Já sabemos que a Apple tende a usar marcas próprias e evitar as utilizadas pelo resto da indústria. Quando apresentou o iPhone 4 não disse “tela de alta definição”, mas sim “tela Retina”, aludindo a uma mistura digital e humana sob um termo muito mais memorável e exclusivo. Na apresentação do próprio Vision Pro, não disse “Inteligência Artificial”, palavra do ano, nem uma vez, mas disse ‘Aprendizado de máquina', e acima de tudo, 'computação espacial'.
É uma declaração de intenções: não é apenas um novo dispositivo com um novo sistema operacional, mas outra maneira de entender a computação pessoal através da qual a Apple acredita que o futuro está.
Ninguém sabe ainda se será isso que acontecerá e se a gama Vision (sem o ‘Pro’, é importante que cheguem modelos mais baratos) terá sucesso ou cairá no esquecimento. Ou se terá vida comercial comparável à dos AirPods e do Apple Watch, ou se alcançará relativo sucesso, como o iPad; ou fica em um espaço inconsequente, como os HomePods.
Parece bastante promissor. libertar-nos das restrições do espaço de interface. Trabalhamos em espaços marcados pela diagonal do nosso monitor. Assistimos a um filme limitado pelo tamanho da nossa TV. Usamos nossos celulares, às vezes até para assistir uma série ou revisitar fotos antigas, limitados aos centímetros de sua tela. Com o Vision Pro tudo fica simplesmente sobreposto, nas dimensões que desejamos, ao nosso campo de visão.
Dificilmente muitas pessoas conseguirão justificar os US$ 3.500 (mais impostos) que os Vision Pros custam para ter um melhor lazer pessoal, mas aplicá-los na vida profissional pode tornar esse pagamento menos penoso. Eles não são um computador nem serão enquanto o visionOS continuar sendo a versão espacial do iPadOS, mas para algumas pessoas isso é mais que suficiente. Se podem trabalhar sem problemas a partir do seu telemóvel ou tablet, porque não fazê-lo de uma forma muito mais espectacular?
Mesmo aqueles de nós que precisam de um computador podem emparelhá-lo com o Vision Pro para ver desktops expandidos ocupando todo o campo de visão, algo de que qualquer pessoa pode se beneficiar. Talvez ainda haja espaço para melhorias na nitidez dos textos (teremos que testá-los), e talvez com duas telas de 8K o uso intransigente seja muito mais viável, mas o conceito é bastante promissor.
Há muitas ideias a serem exploradas que marcarão o interesse social por esses dispositivos. Vários conceitos estão se tornando virais: desde assistir corridas de F1 com o circuito projetado na mesa, com a imagem da televisão na frente; a jogos de futebol cercados por câmeras subjetivas a partir das quais você pode alterar a visão do jogo ou ver muito mais estatísticas em tempo real.
Ou assistir a uma aula de atividade esportiva enquanto faz parte dela, como ter um instrutor de aula coletiva à sua frente. Ou testemunhar um evento histórico do ponto de vista de um de seus participantes.
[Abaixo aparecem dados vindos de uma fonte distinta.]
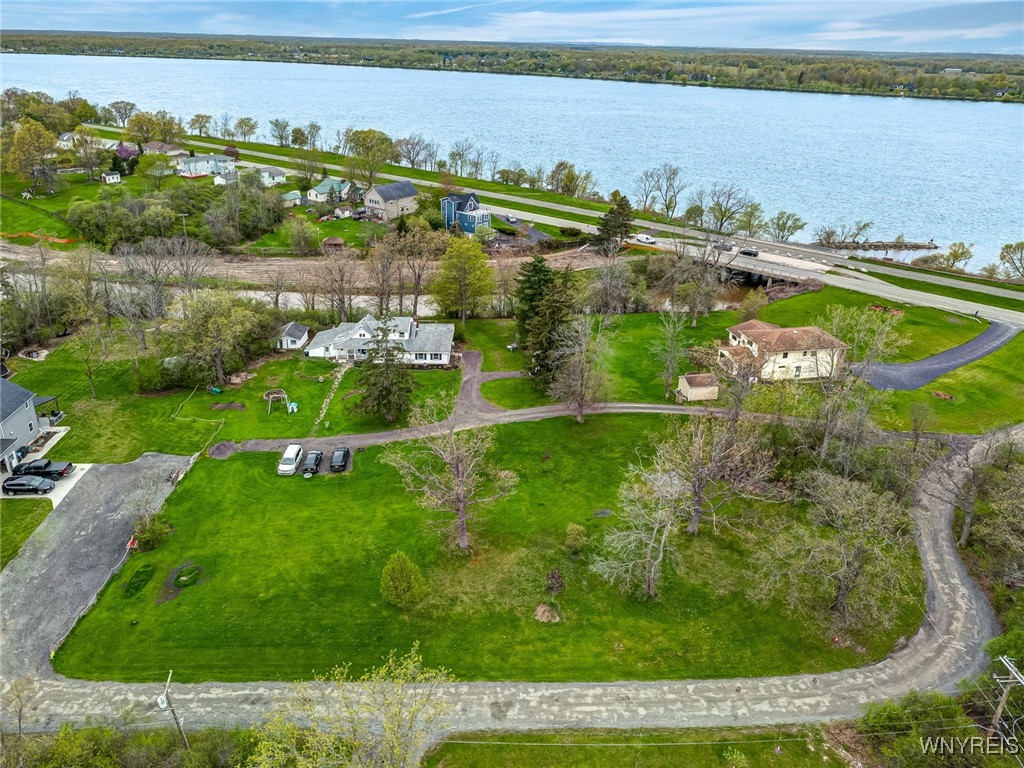 3179 W River Road, Grand Island, New York image 2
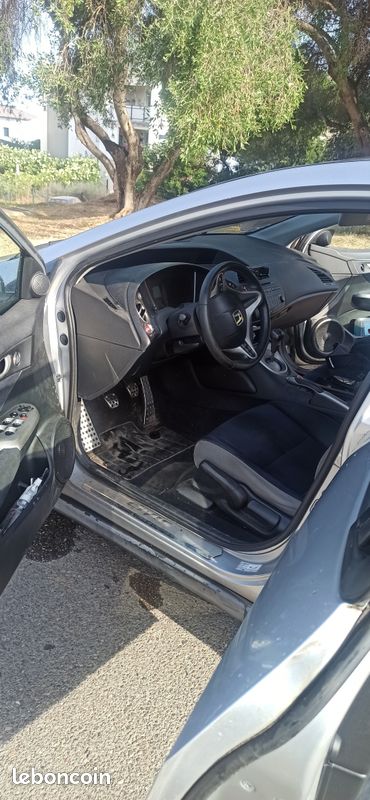 Honda Civic 1.8 Vtec 140 (prix à débattre) (image 3)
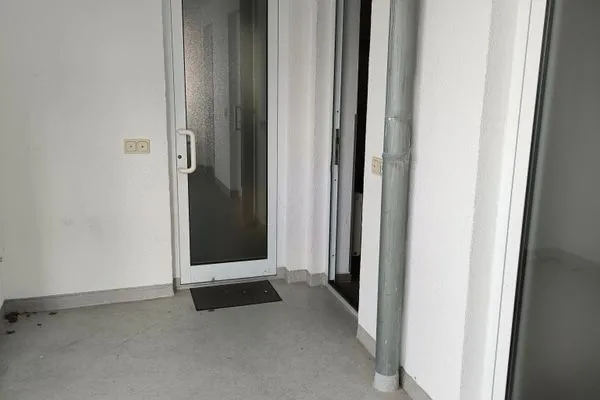 Fassade / Eingang  Mecklenburg 03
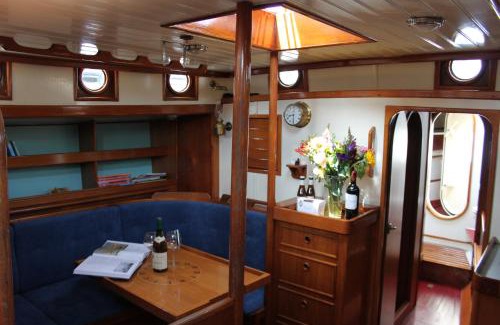 Municipality of Noord-Beveland Cama Y Desayuno | Privé B&B Zeilboot Noorderlicht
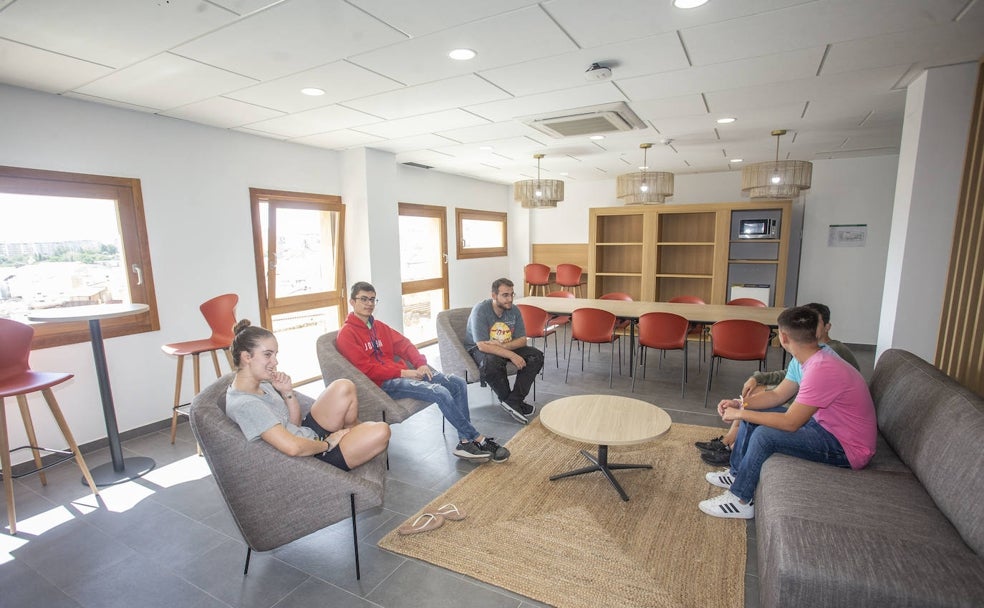 Salón del colegio mayor Charo Cordero de Cáceres. 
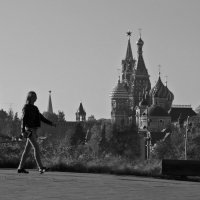 "А я иду, шагаю по Москве..." :: Борис Бутцев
Ou veja se o sofá que queremos comprar cabe na sala. Ou pinte as paredes com outras cores. Todos esses usos que daqui a alguns anos nos parecerão bobos e óbvios, como quando revisamos agora o que foi dito sobre as possibilidades da Internet nos anos noventa.
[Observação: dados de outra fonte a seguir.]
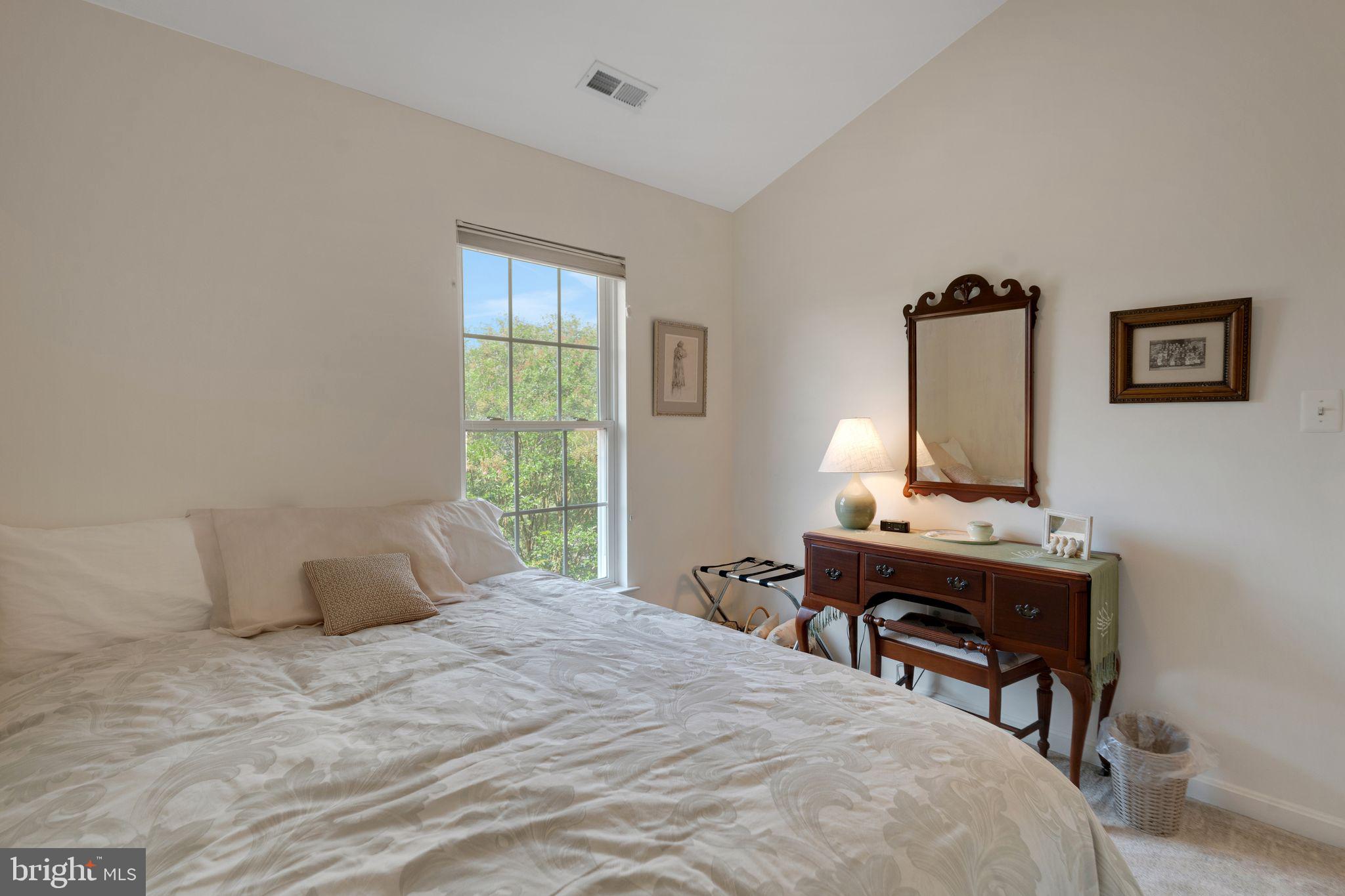 CROFTON MANOR - Residential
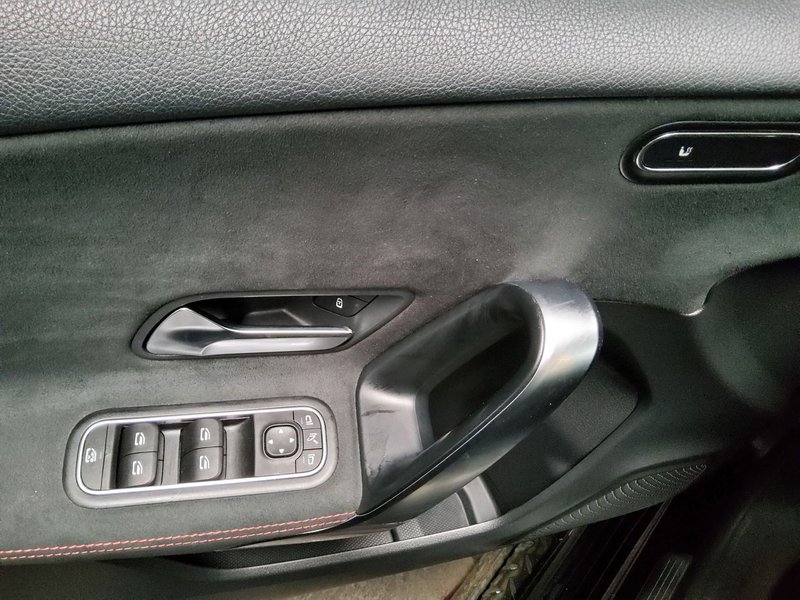 Mercedes-Benz A 220 d automatik AMG Line • LED • digitalni instrumenti — 10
Claro que existem alternativas com capacidades menores e muito mais baratas, como o Meta Quest 3, mas popularizar uma nova categoria não está ao alcance de todos, e se alguém provou ser capaz de fazer isso mesmo sem chegar primeiro ao mercado (fones de ouvido sem fio, relógios inteligentes, tablets baseados em sistemas operacionais móveis), é a Apple. Teve que seguir um mercado estabelecido em outras ocasiões, como quando o último chegou aos grandes telefones em 2014, mas seu impacto costuma ser diferente.
Já há muito tempo que temos headsets de realidade virtual, alguns até mais do que válidos para experiências de lazer específicas, mas nunca tiveram sucesso. Nem muito menos. Há dez anos, a Samsung se esforçou e acabou esquecendo-os, assim como os televisores curvos.
Poucas empresas demonstraram a capacidade de apresentar um novo gênero, não apenas através de seus produtos, mas de toda a indústria, como a Apple.